Exercise materials:
____________

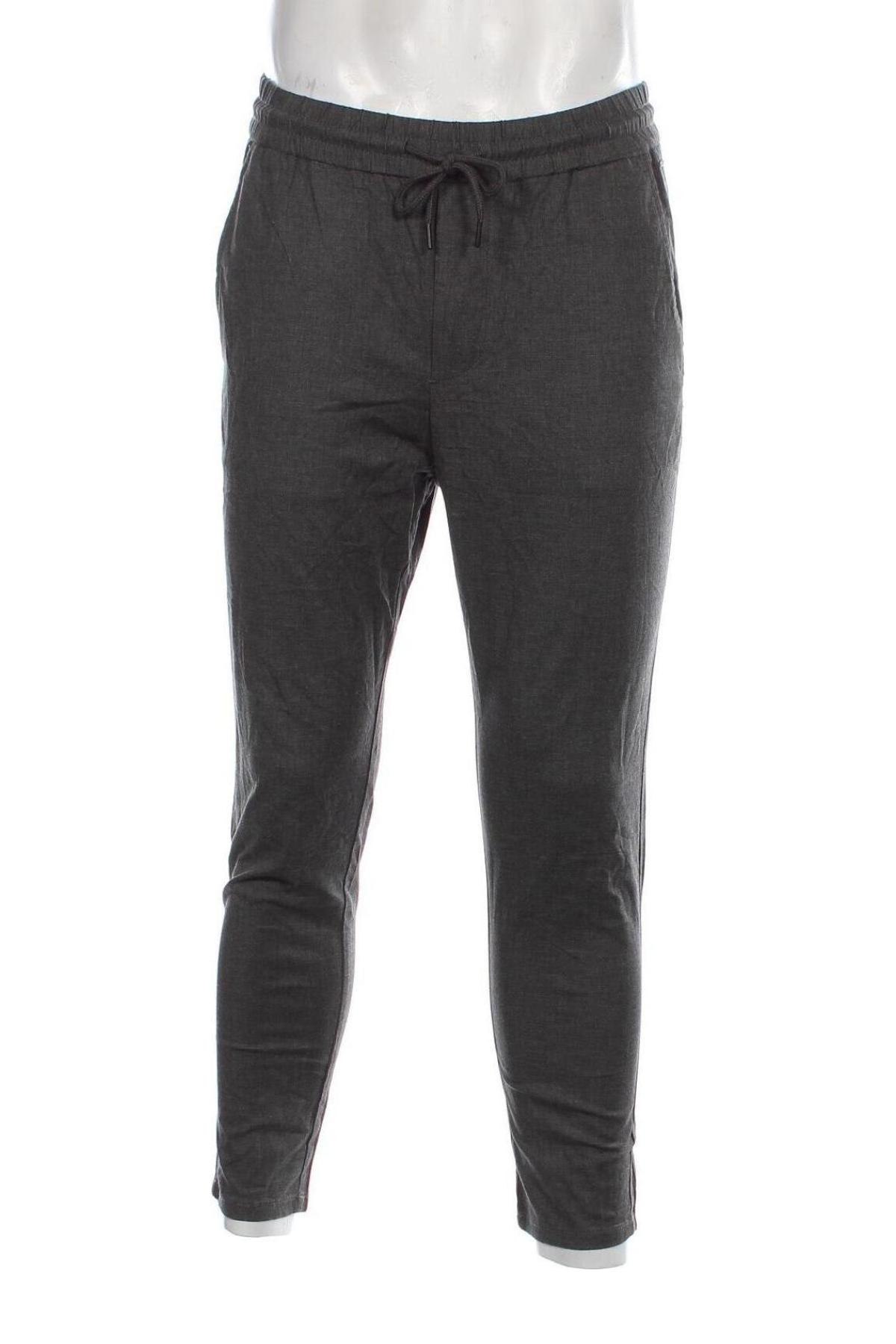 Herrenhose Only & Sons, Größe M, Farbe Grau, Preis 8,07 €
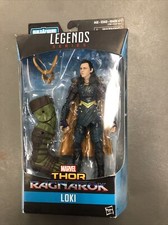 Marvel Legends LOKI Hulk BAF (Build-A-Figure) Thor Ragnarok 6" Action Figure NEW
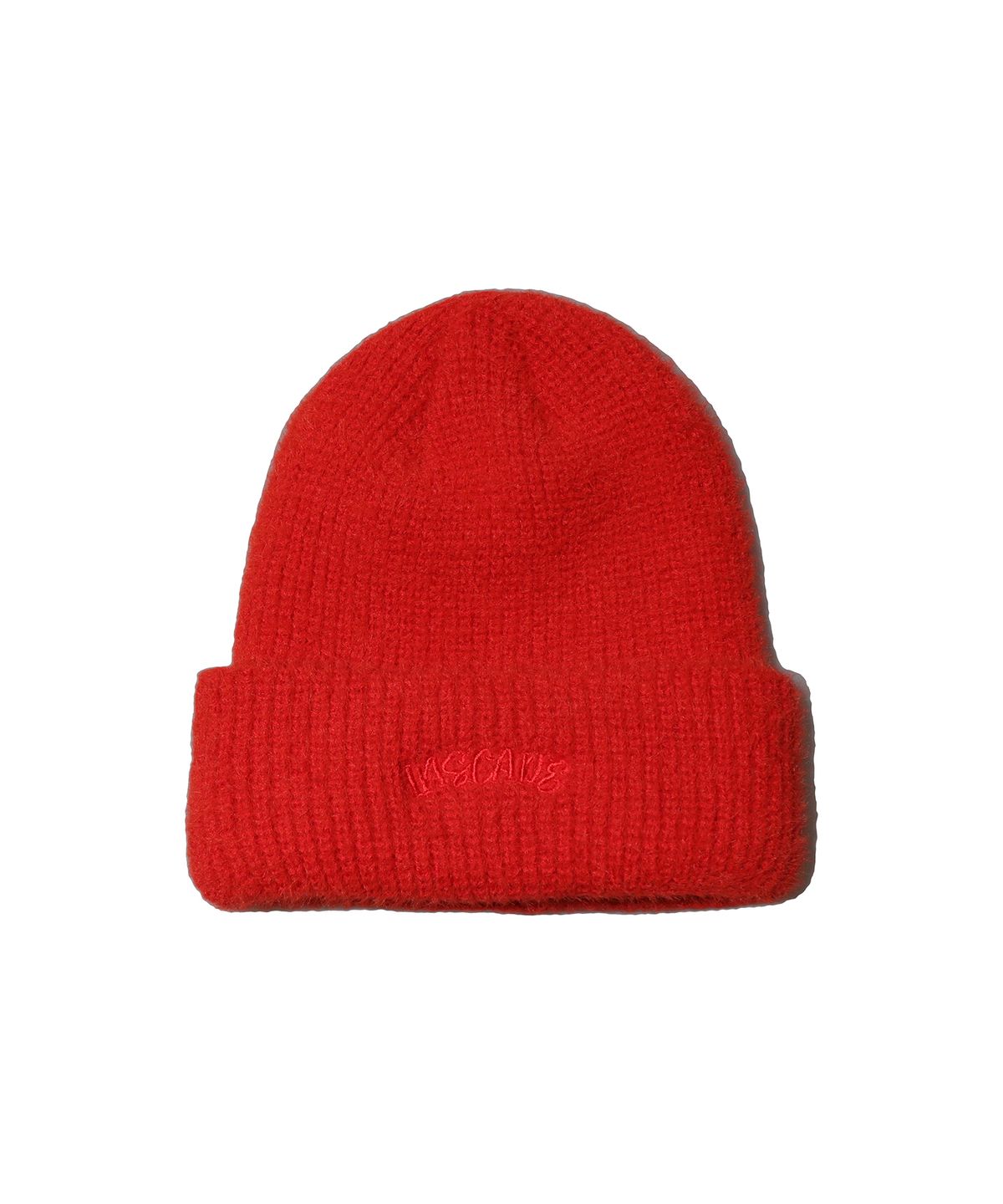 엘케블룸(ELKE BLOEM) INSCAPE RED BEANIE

____________

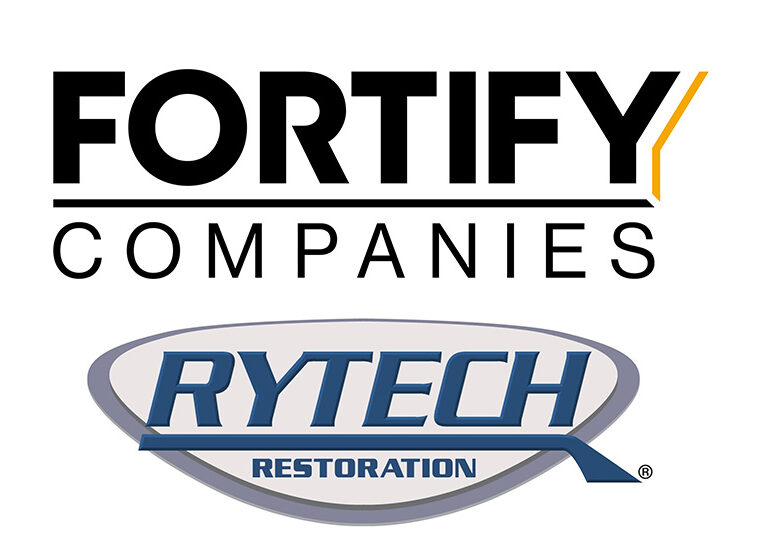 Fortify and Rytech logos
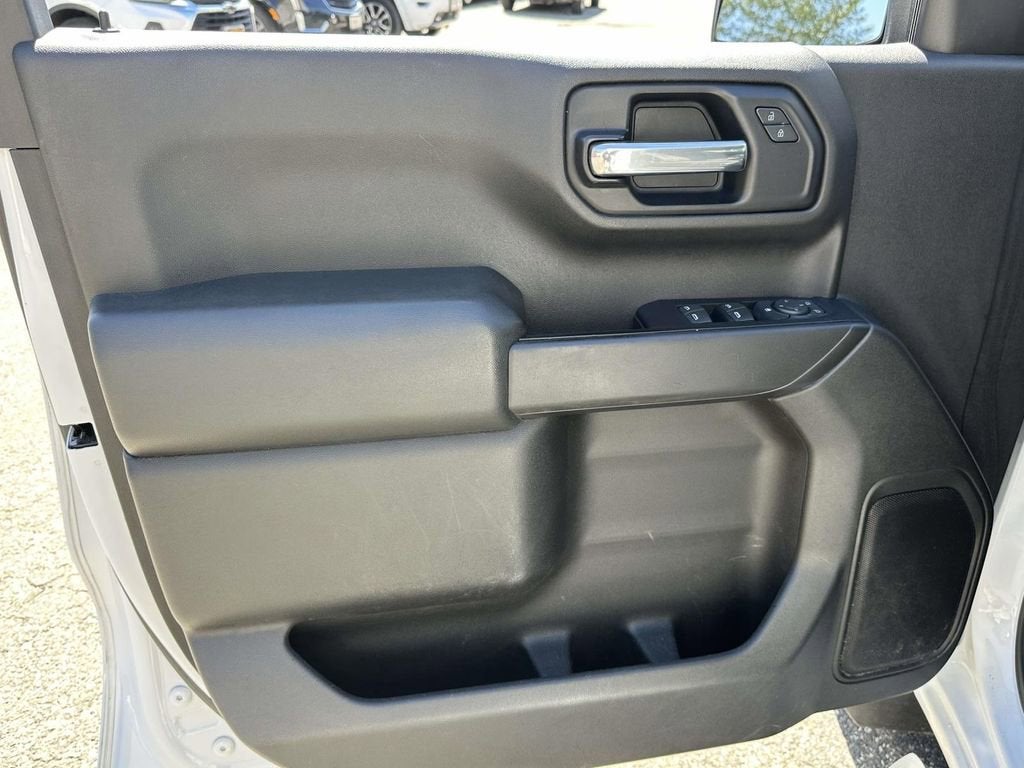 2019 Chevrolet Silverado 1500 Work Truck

____________

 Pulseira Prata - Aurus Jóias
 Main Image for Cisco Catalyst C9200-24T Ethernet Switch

____________

What you will do: Beginning at the line above that contains "Marvel Legends LOKI", repeat each line exactly through the one that contains "엘케블룸(ELKE BLOEM) INSCAPE RED BEANIE", and leave out the pictures.

Output for this exercise:
 Marvel Legends LOKI Hulk BAF (Build-A-Figure) Thor Ragnarok 6" Action Figure NEW
 엘케블룸(ELKE BLOEM) INSCAPE RED BEANIE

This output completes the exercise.